## Work task
Exercise in exact copying: restate word for word only the lines below from the one containing "damage to the ependymal lining and" through the one containing "top 10 kabaddi", omitting any pictures.

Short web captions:
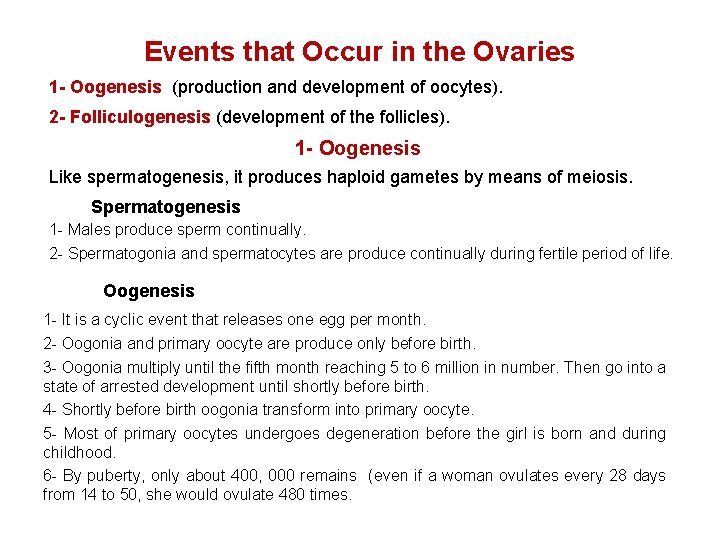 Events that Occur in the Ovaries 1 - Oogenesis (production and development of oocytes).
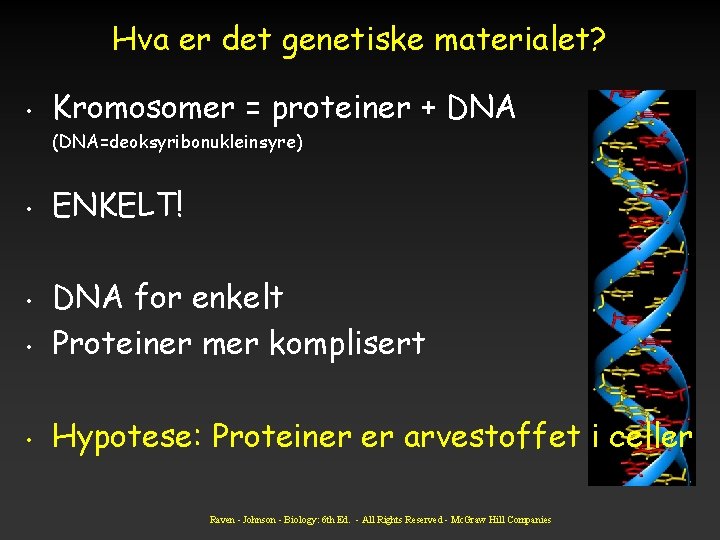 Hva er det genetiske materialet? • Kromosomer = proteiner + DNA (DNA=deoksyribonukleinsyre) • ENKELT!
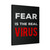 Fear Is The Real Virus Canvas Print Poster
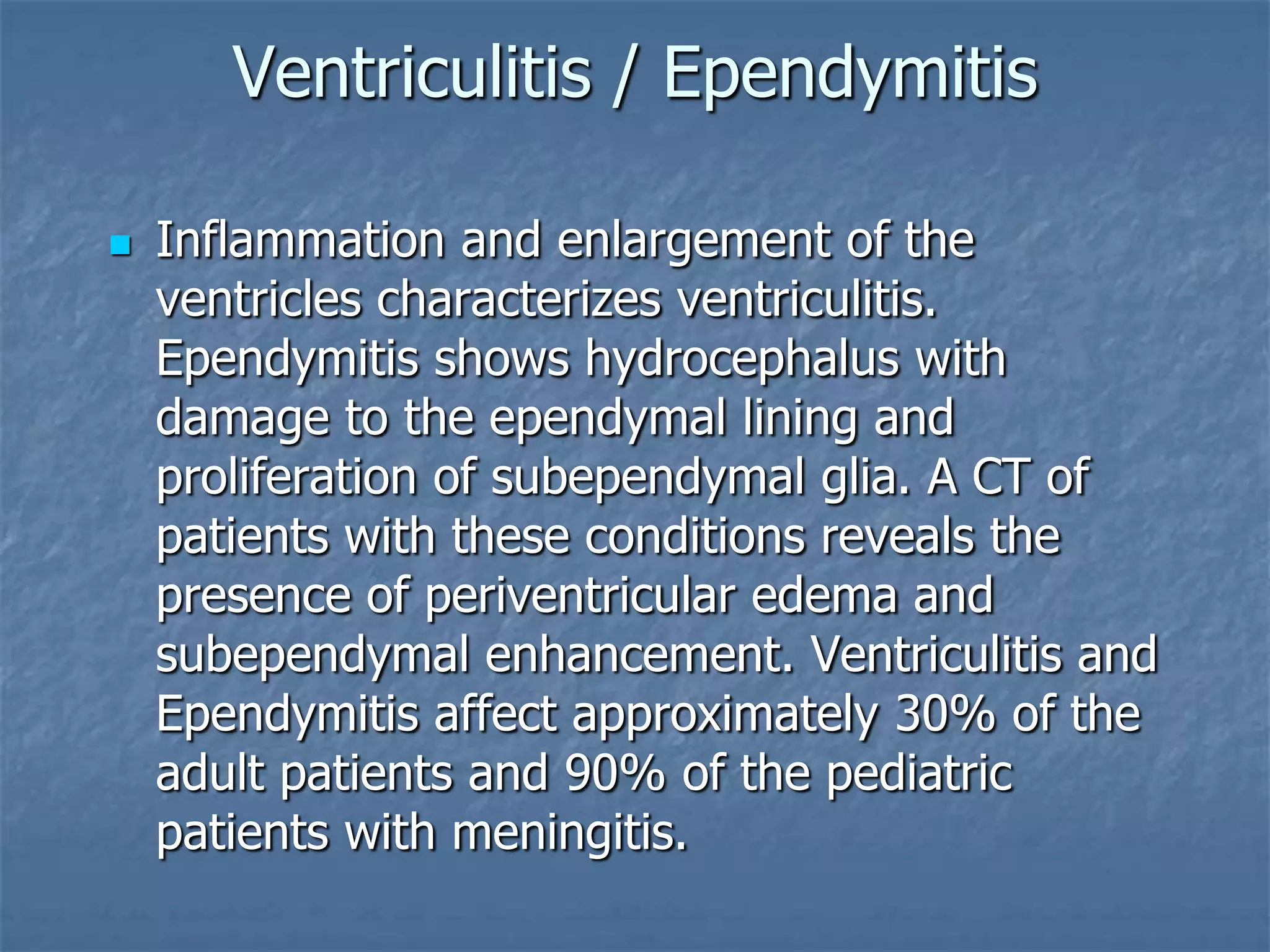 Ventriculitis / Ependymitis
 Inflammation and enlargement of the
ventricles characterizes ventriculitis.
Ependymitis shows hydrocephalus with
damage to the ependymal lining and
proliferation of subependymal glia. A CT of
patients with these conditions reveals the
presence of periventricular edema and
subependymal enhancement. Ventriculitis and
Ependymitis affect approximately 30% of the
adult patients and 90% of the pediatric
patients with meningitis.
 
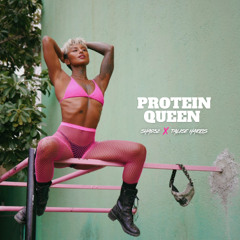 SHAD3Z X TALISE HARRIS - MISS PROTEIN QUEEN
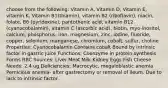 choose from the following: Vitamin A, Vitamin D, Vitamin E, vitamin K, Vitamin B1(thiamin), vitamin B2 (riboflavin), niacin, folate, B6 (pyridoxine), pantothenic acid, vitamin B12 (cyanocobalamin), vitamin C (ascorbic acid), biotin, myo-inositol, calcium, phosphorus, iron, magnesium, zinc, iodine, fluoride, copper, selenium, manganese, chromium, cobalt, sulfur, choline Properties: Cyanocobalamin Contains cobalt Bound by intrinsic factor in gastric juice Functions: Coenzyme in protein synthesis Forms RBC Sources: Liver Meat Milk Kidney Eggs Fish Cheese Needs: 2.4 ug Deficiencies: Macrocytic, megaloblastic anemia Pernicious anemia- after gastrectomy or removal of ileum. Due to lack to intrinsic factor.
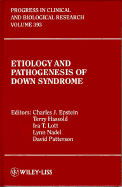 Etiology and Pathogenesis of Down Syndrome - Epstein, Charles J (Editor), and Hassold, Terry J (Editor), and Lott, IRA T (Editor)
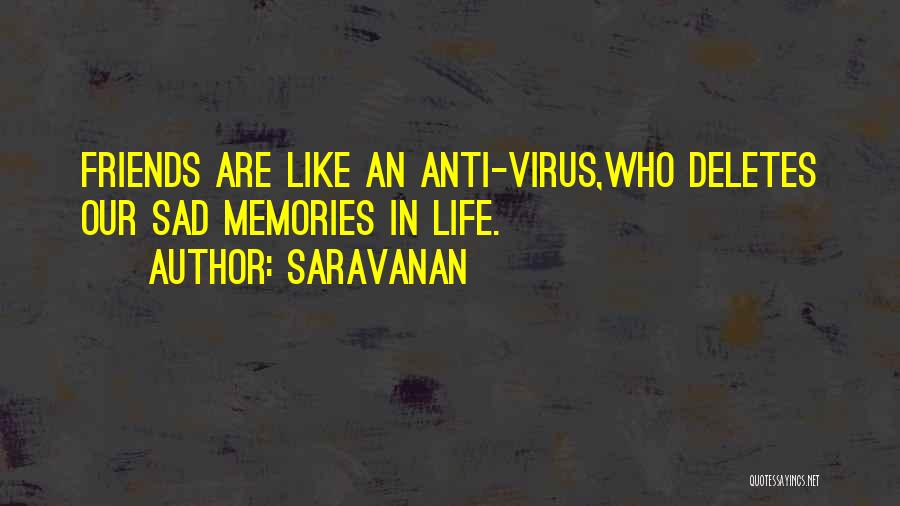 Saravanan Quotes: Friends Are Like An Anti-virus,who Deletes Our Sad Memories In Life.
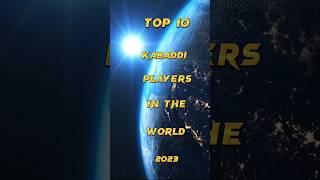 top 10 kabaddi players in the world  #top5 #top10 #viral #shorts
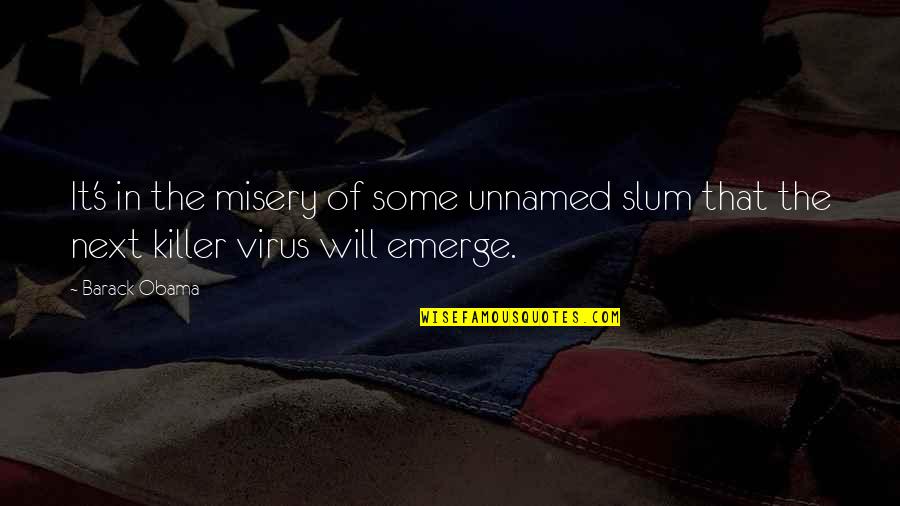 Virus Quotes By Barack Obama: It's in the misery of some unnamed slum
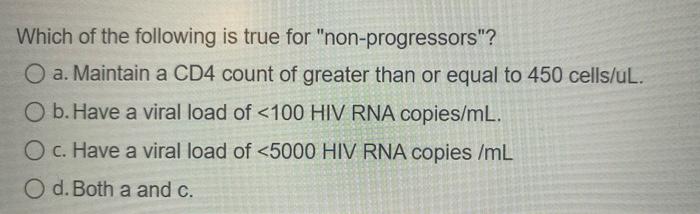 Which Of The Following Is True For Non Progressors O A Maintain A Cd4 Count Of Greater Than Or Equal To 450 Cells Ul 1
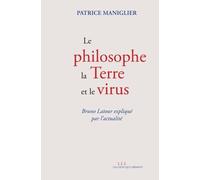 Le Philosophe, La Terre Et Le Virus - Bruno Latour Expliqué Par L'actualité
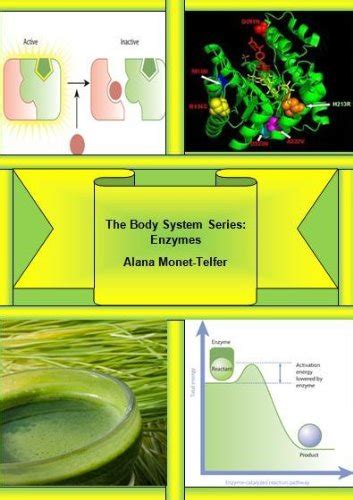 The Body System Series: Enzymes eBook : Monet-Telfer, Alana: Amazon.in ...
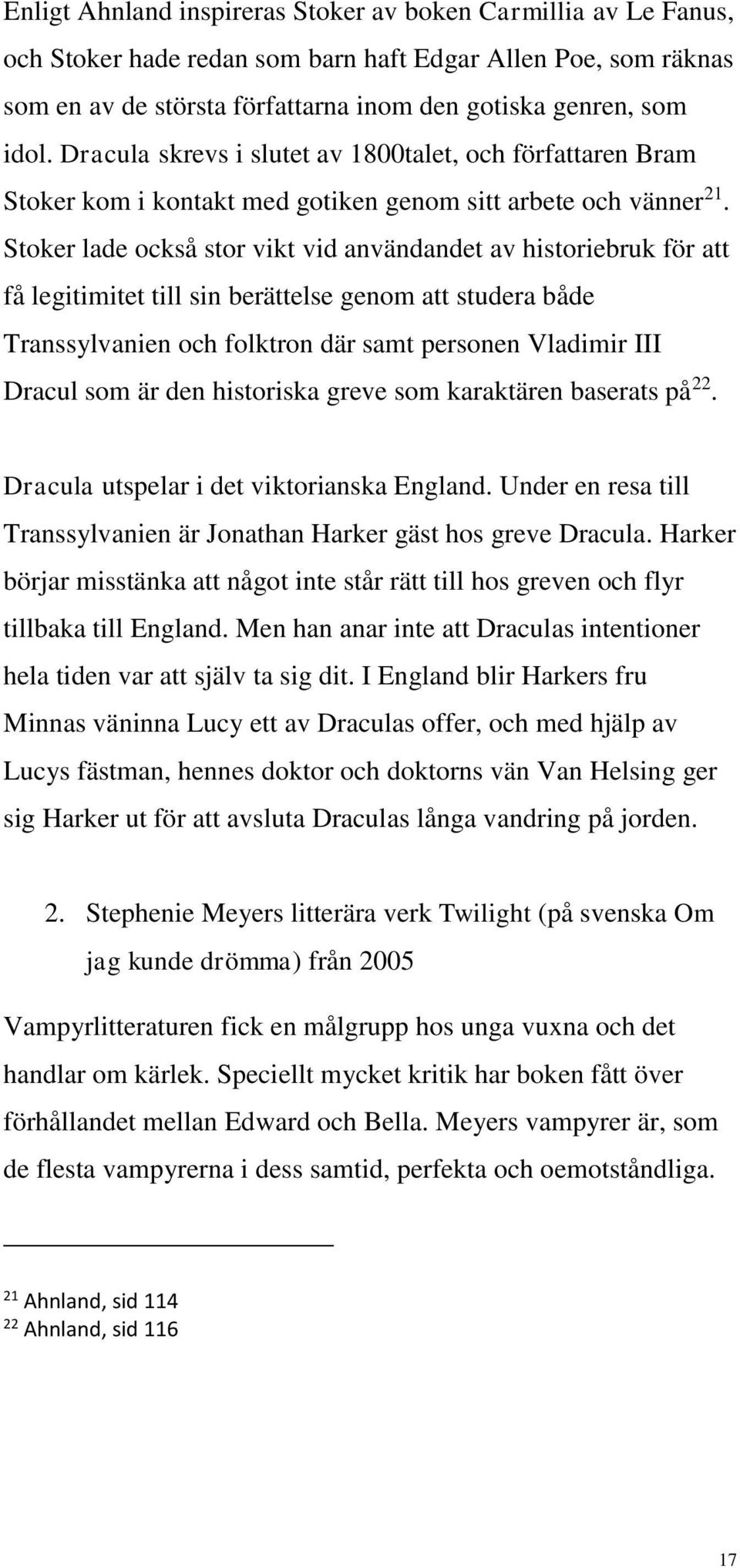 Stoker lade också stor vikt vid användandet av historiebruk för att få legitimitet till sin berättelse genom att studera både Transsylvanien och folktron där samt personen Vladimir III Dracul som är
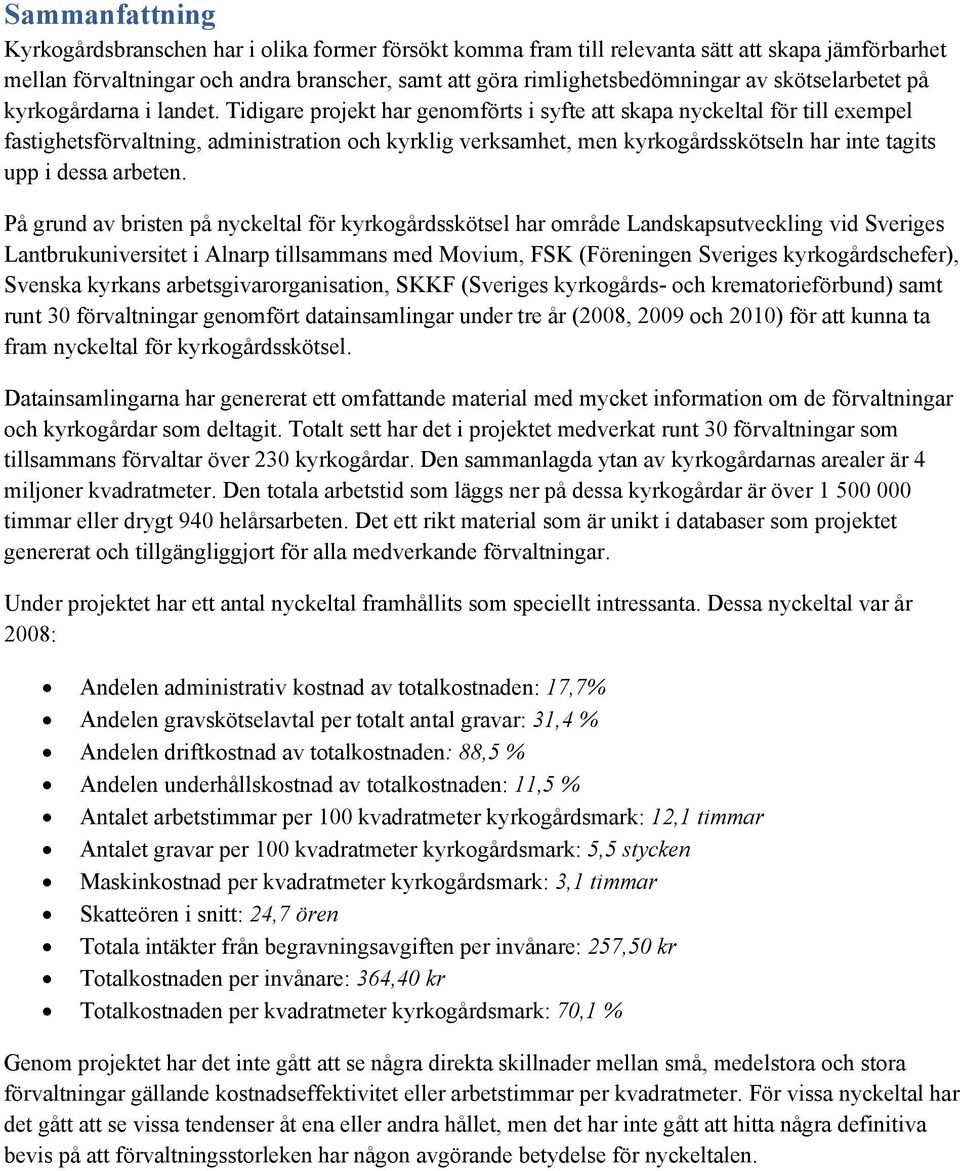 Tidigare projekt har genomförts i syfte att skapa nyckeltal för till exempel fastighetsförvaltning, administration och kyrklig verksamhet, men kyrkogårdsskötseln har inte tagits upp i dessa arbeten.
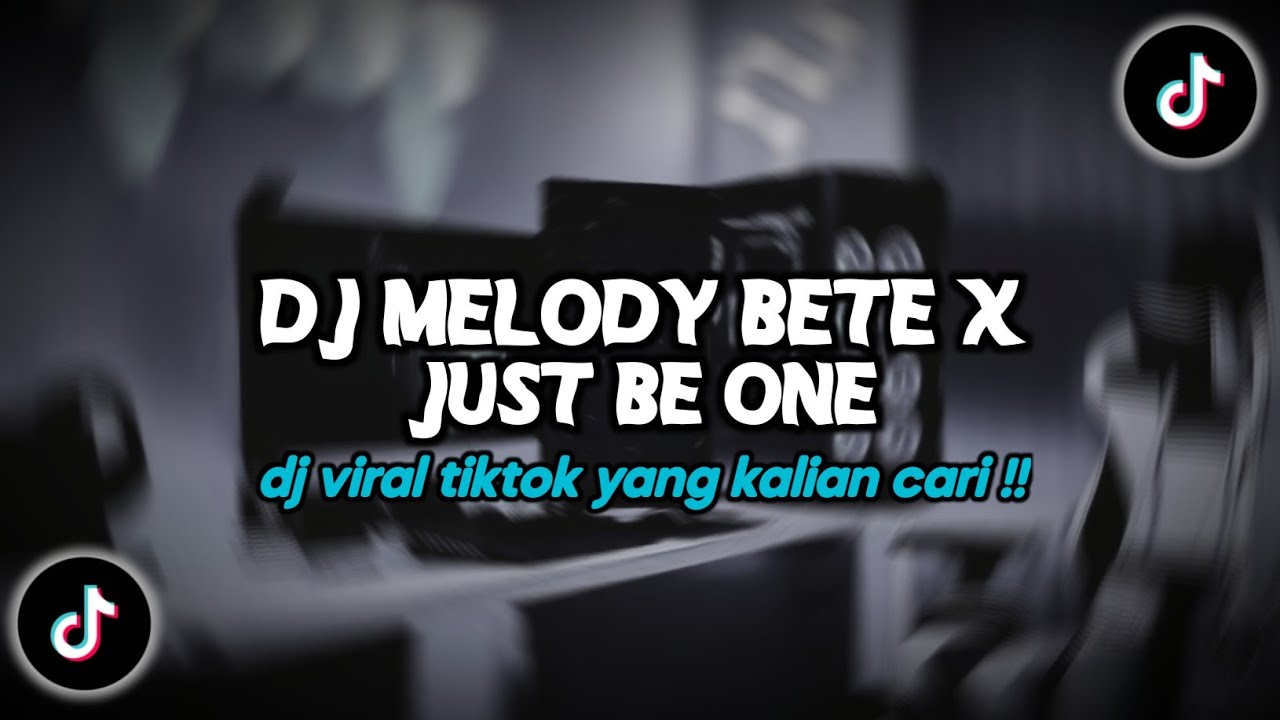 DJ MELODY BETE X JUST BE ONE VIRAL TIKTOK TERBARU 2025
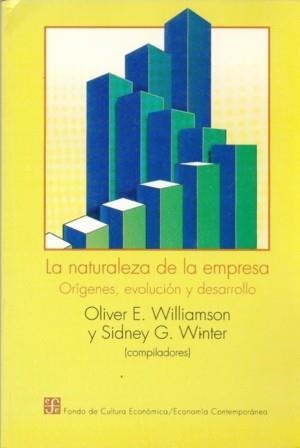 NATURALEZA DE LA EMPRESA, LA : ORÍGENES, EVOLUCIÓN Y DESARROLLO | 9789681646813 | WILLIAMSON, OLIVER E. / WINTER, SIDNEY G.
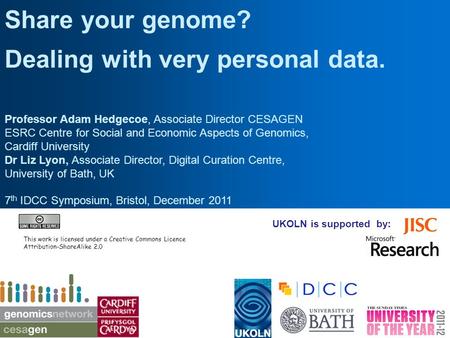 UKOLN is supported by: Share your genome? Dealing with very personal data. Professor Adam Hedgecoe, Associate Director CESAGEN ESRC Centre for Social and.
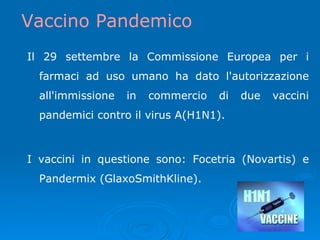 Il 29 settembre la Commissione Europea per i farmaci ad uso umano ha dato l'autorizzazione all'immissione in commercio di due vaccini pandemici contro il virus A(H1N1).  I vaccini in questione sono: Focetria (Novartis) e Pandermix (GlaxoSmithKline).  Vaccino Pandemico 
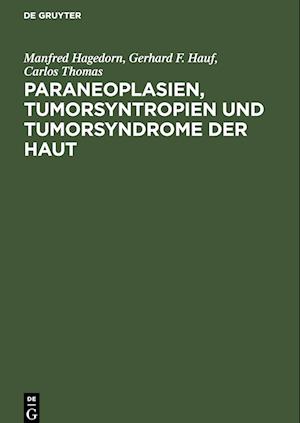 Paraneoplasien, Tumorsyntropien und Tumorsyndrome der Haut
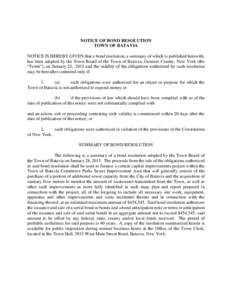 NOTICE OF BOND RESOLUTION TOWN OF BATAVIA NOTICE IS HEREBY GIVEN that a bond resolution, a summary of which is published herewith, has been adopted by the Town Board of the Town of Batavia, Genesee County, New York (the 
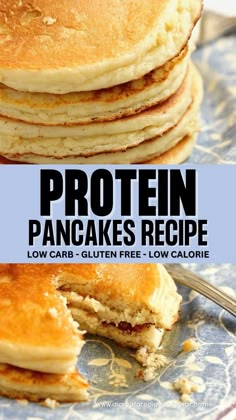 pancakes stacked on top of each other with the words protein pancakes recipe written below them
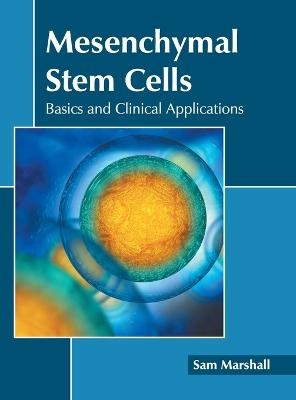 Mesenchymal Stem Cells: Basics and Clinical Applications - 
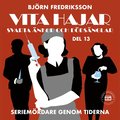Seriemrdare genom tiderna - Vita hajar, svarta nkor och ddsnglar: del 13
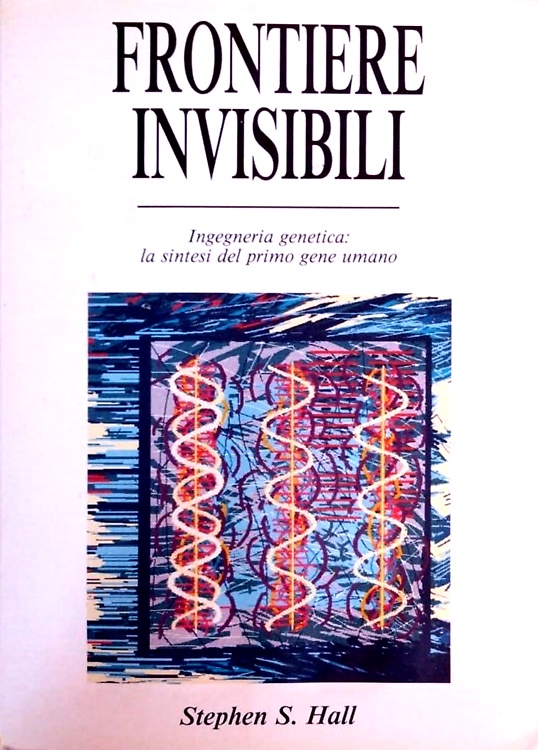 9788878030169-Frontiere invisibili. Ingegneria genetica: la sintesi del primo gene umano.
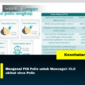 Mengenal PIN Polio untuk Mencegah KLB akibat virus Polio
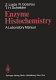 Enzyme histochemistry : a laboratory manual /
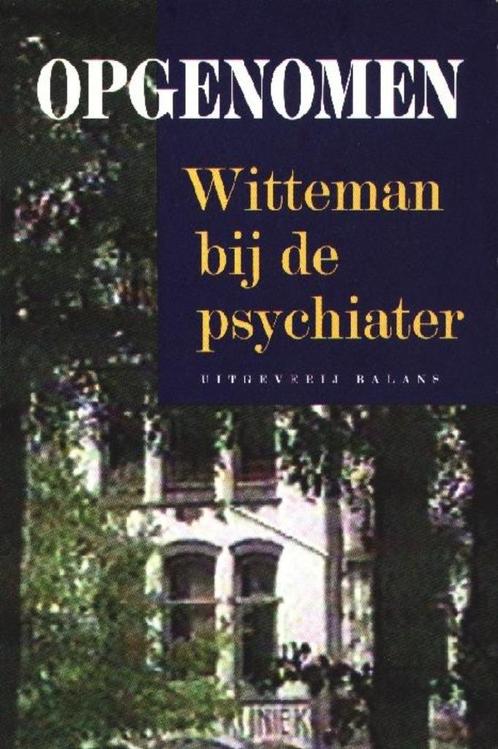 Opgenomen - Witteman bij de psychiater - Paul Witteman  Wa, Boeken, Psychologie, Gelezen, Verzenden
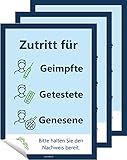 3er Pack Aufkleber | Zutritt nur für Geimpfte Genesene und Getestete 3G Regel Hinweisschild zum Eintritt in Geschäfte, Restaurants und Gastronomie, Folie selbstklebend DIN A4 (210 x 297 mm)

## Solution to this exercise
damage to the ependymal lining and
proliferation of subependymal glia. A CT of
patients with these conditions reveals the
presence of periventricular edema and
subependymal enhancement. Ventriculitis and
Ependymitis affect approximately 30% of the
adult patients and 90% of the pediatric
patients with meningitis.
 
 SHAD3Z X TALISE HARRIS - MISS PROTEIN QUEEN
 choose from the following: Vitamin A, Vitamin D, Vitamin E, vitamin K, Vitamin B1(thiamin), vitamin B2 (riboflavin), niacin, folate, B6 (pyridoxine), pantothenic acid, vitamin B12 (cyanocobalamin), vitamin C (ascorbic acid), biotin, myo-inositol, calcium, phosphorus, iron, magnesium, zinc, iodine, fluoride, copper, selenium, manganese, chromium, cobalt, sulfur, choline Properties: Cyanocobalamin Contains cobalt Bound by intrinsic factor in gastric juice Functions: Coenzyme in protein synthesis Forms RBC Sources: Liver Meat Milk Kidney Eggs Fish Cheese Needs: 2.4 ug Deficiencies: Macrocytic, megaloblastic anemia Pernicious anemia- after gastrectomy or removal of ileum. Due to lack to intrinsic factor.
 Etiology and Pathogenesis of Down Syndrome - Epstein, Charles J (Editor), and Hassold, Terry J (Editor), and Lott, IRA T (Editor)
 Saravanan Quotes: Friends Are Like An Anti-virus,who Deletes Our Sad Memories In Life.
 top 10 kabaddi players in the world  #top5 #top10 #viral #shorts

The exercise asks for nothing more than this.